In the midst of the hurly burly of the final day of the 2014 legislative session last week, House Speaker Philip Gunn, R-Clinton, made a significant ruling.
But a written version of the speaker’s ruling is not available. The ruling, which Gunn halted House proceedings to contemplate overnight, was made after lunch the following day in a matter of seconds from the speaker’s podium.
The ruling came on an inquiry from Rep. David Baria, D-Bay St. Louis, who questioned whether a bill that would give $6,000 annually in the form of debit cards to some parents of special-needs children to pursue private school alternatives should require a two-thirds vote.
Section 66 of the Constitution states “no law granting a donation or gratuity in favor of any person or object shall be enacted except by concurrence of two-thirds of the members.”
Gunn ruled the legislation establishing the payments to the special-needs parents required only a simple majority vote because it was a legislative “policy issue.” He explained orally, but not in writing that “these particular schools would be fulfilling the function of educating children with special needs.”
There is no set procedure for how such inquiries are handled. But it was at least a bit unusual that Gunn asked Baria to provide in writing his views of why the vote should require a two-thirds super majority. In the past, normally in such instances in the House when the presiding officer has requested a written interpretation from a member, the speaker has responded in kind by providing in writing his ruling on the issue, and it is placed in the legislative journal.
In essence, Gunn said this particular issue did not rise to that level of requiring him to provide a written ruling even though he asked Baria to make his inquiry in writing.
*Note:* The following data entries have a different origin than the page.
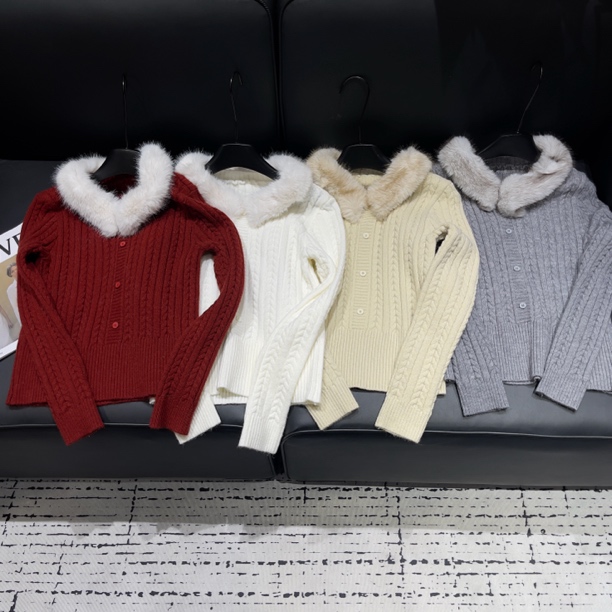 KW【氛围的神】南油新款温柔韩系毛领气质百搭毛衣氛围感漂亮上衣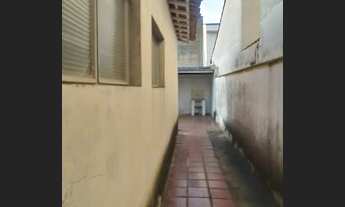 Imagem 5: Casa térrea de 2 quartos com armários planejados e quintal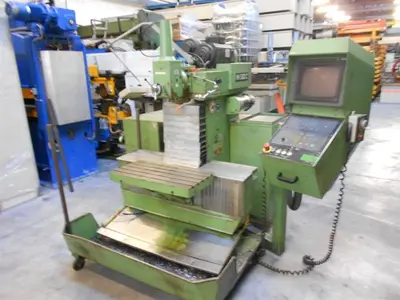 USED MAHO MH 500C X: 500 - Y: 400 - Z: 300MM CNC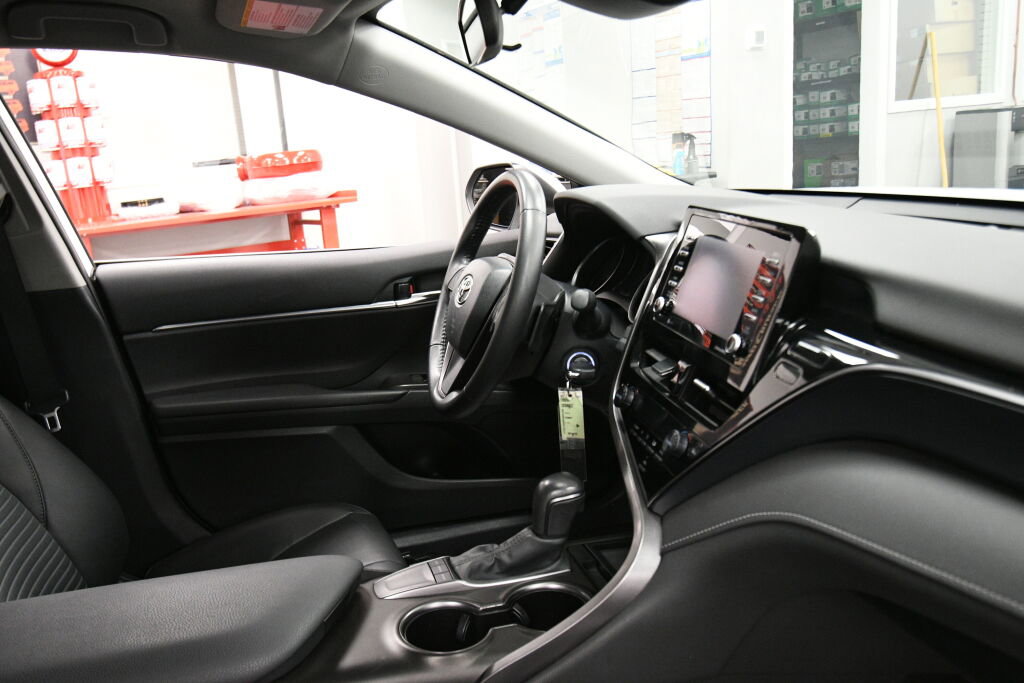 Used 2024 Toyota Camry SE image 27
It should be pointed out that after Gunn’s ruling, which was viewed as controversial at least by some, the legislation could not even garner that simple majority to pass.
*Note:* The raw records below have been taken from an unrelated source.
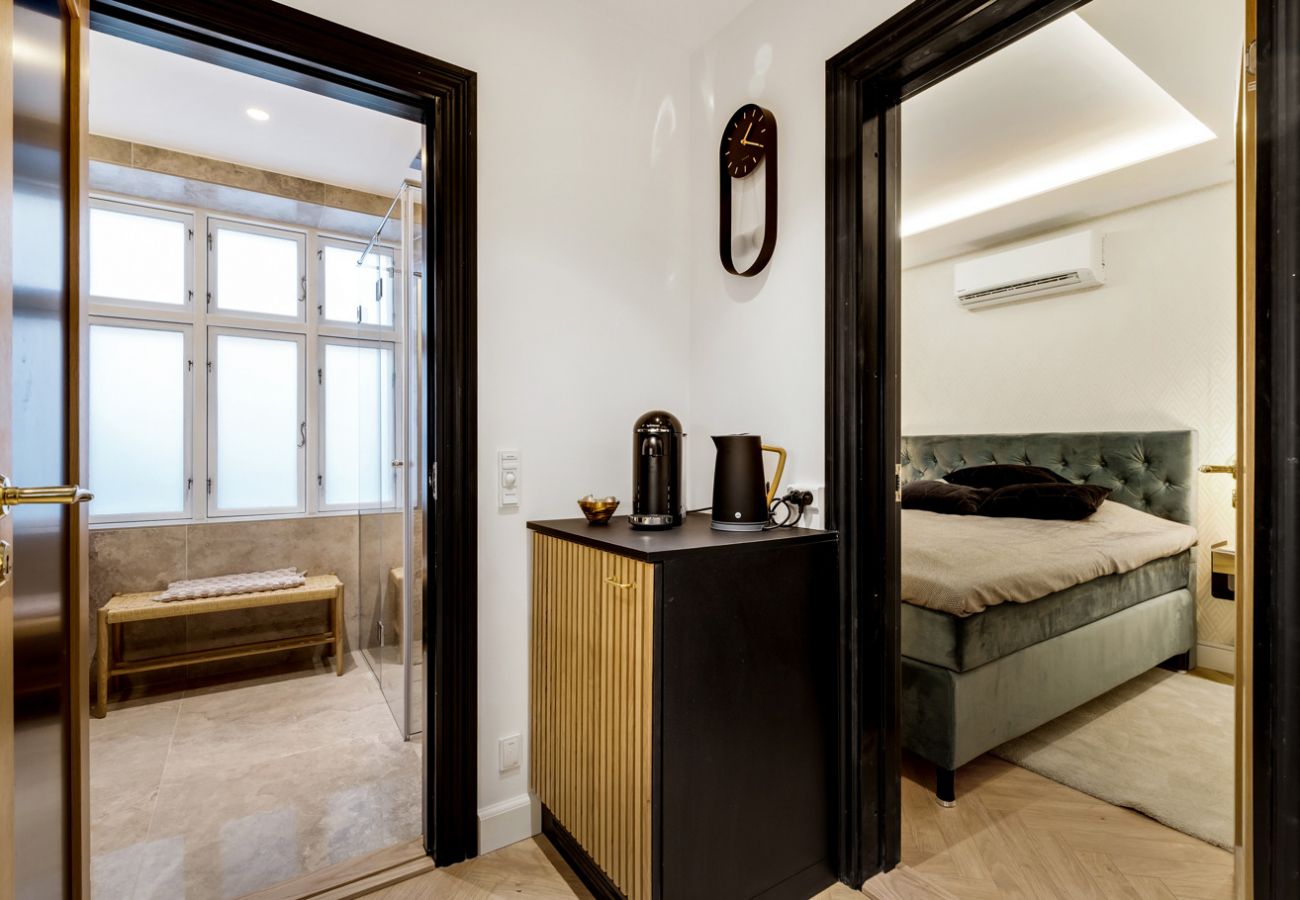 Apartment in København - Lush 1 bedroom apartment in the 5th coolest street in the world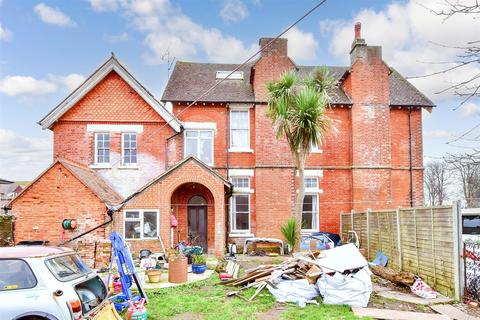 5 bedroom ground floor maisonette for sale, Granville Road, Littlehampton, West Sussex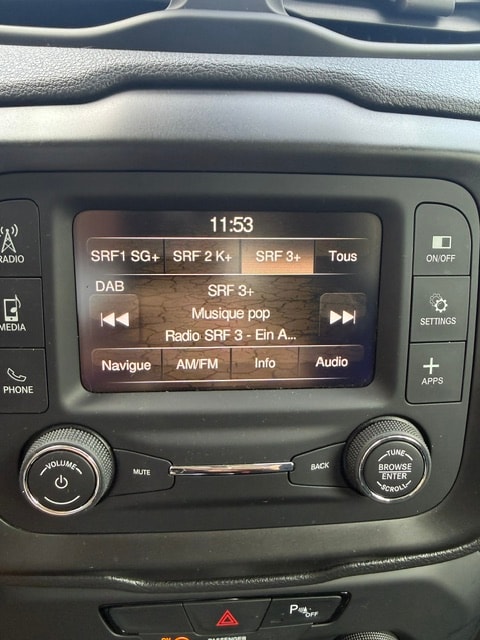 JEEP Renegade 1.4 Turbo Longitude-image-16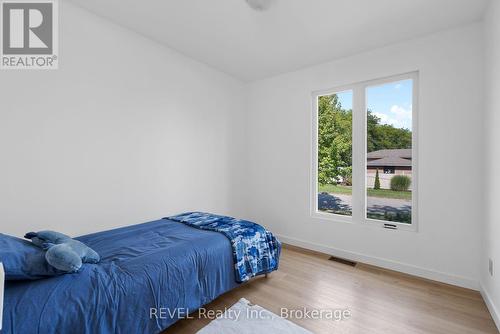 1 Samuel Court, St. Catharines (Lakeshore), ON - Indoor Photo Showing Bedroom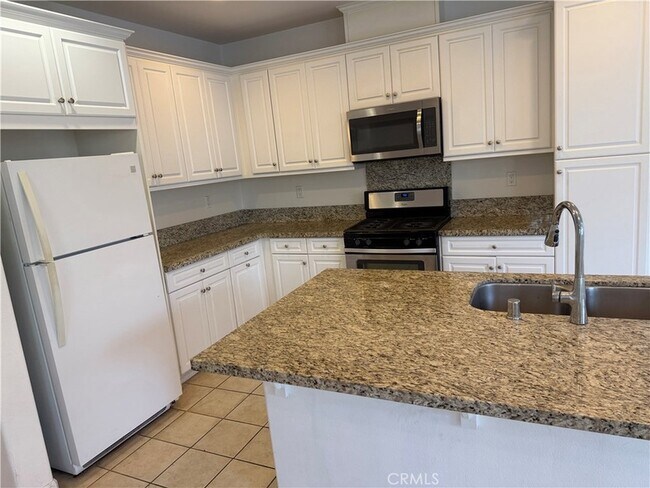 Building Photo - 3010 E Via Fiano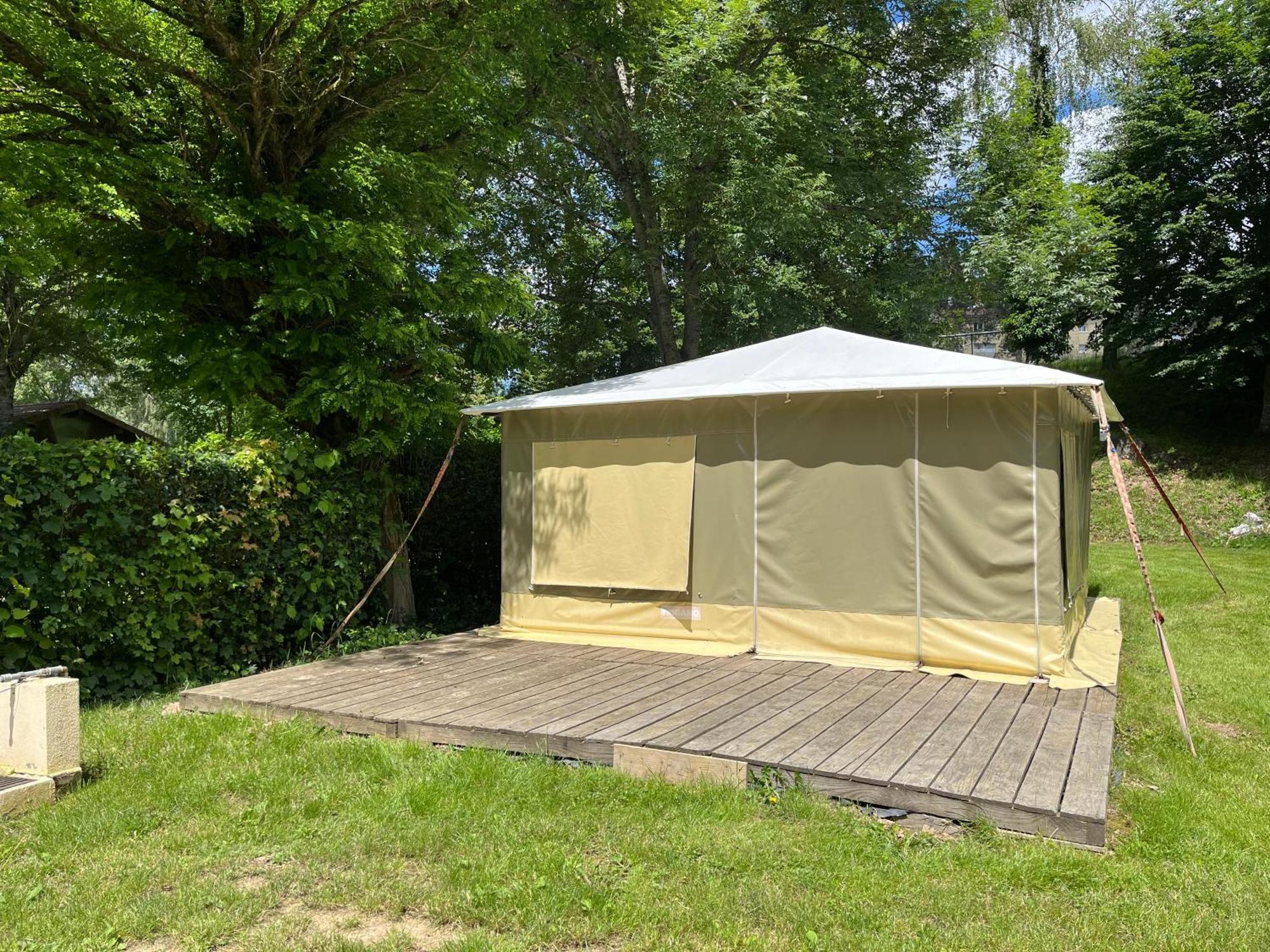 Camping De มงต์ลุยส์-ซูร์-ลัวร์ ภายนอก รูปภาพ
After the session ended, Gunn said that the special-needs legislation will not be an issue during the 2015 session, which will be an election year.
But at some point in the future, it most likely will be.
A significant number of Republicans support providing state vouchers to pay for students to attend private schools. Many public school advocates are adamantly opposed to taking money and, often the best students, out of the public schools.
Those people have on their side another state constitutional provision, Section 208, that many believe makes providing vouchers to private schools difficult. It states, “No religious or other sect or sects shall ever control any part of the school or other education funds of this state, nor shall any funds be appropriated toward the support of any sectarian school, or to any school that at the time of receiving such appropriation is not conducted as a free school.”
No doubt, some mighty good attorneys have the ability to twist words into a different meaning than what the average, everyday person believes they say. But it seems pretty clear the intent of the writers of the Constitution is to prevent public funds from going to any school that is “not a free school” regardless of whether it has a religious affiliation.
Accepting that as fact for the moment, then what alternative is there for supporters of vouchers? The answer might be to give money directly to parents for the sole purpose of using those funds to pay for a child’s education at a private school.
But requiring a two-thirds majority would make passage of such a controversial proposal very unlikely.
So at some point in the future, Gunn’s unwritten ruling might be an issue again.
Baria’s reasons for believing it should be a two-thirds vote will be available for public consideration. The reason for Gunn’s ruling will not be.